ACTION ITEM: Omit the pictures and extract only the lines from the line containing "Beat of Love BOL-E0492Z korvakorut" to the end of the material, each exactly as written.

INPUT MATERIAL: Begin

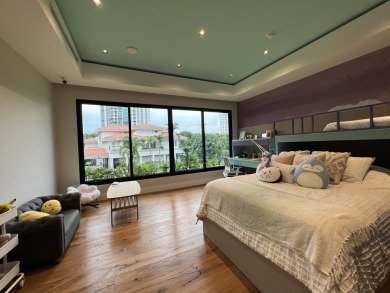 Luxury & Golf all in one place

Island Estate is the most on  in  - for sale on GolfHomes.com, golf home, golf lot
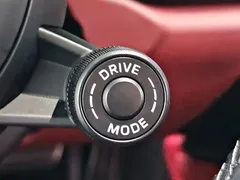 2023 Porsche 911 Carrera 3.0T — фото 13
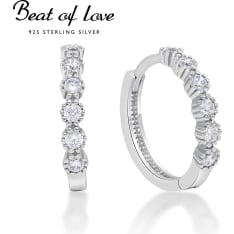 Beat of Love BOL-E0492Z korvakorut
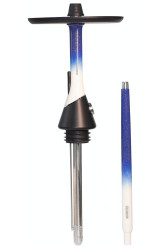 Кальян Koress K2 Ocean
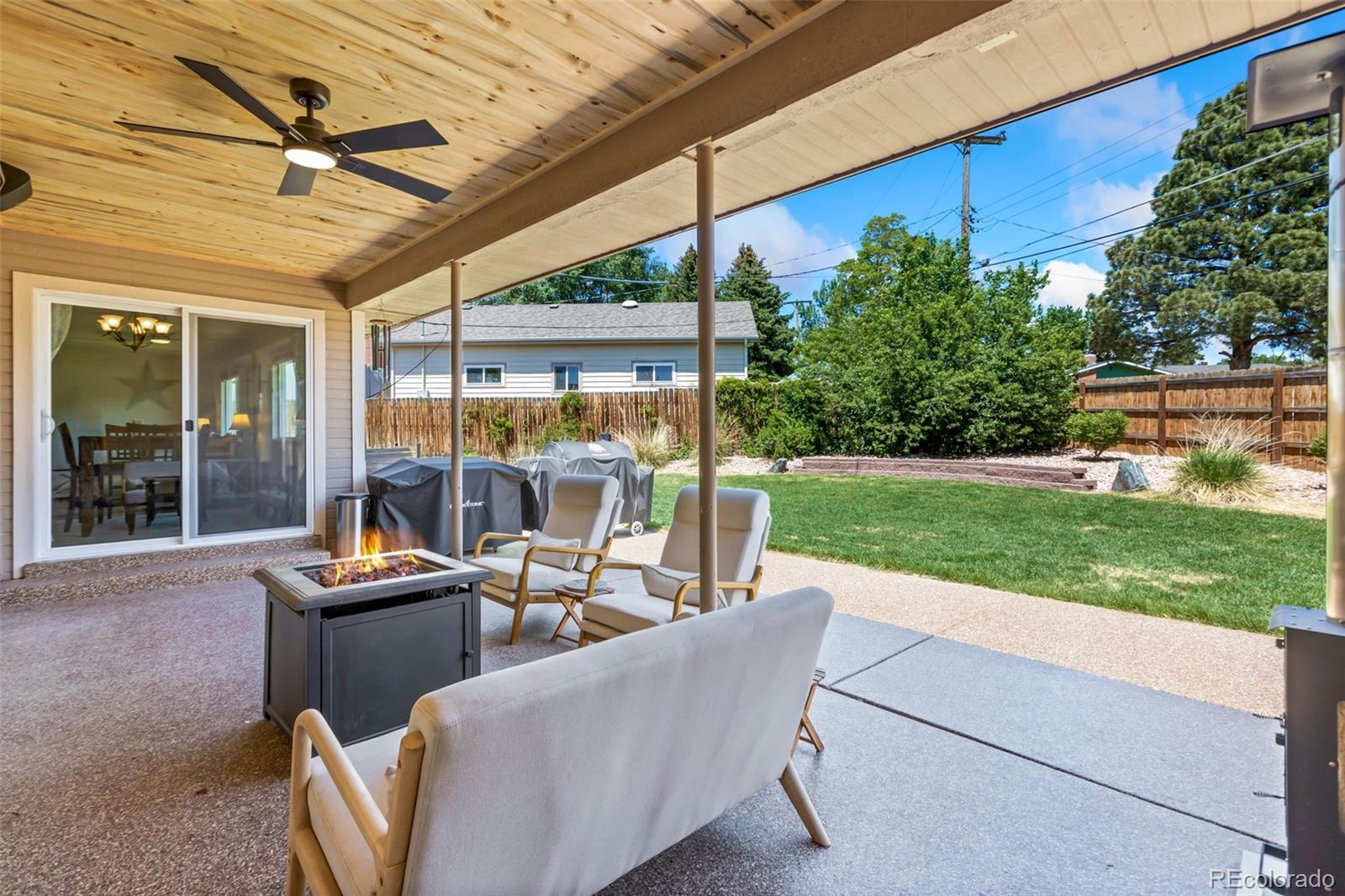 2652 51st Avenue Greeley CO 80634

INPUT MATERIAL: End

WRITTEN RESPONSE:
 Beat of Love BOL-E0492Z korvakorut
 Кальян Koress K2 Ocean
 2652 51st Avenue Greeley CO 80634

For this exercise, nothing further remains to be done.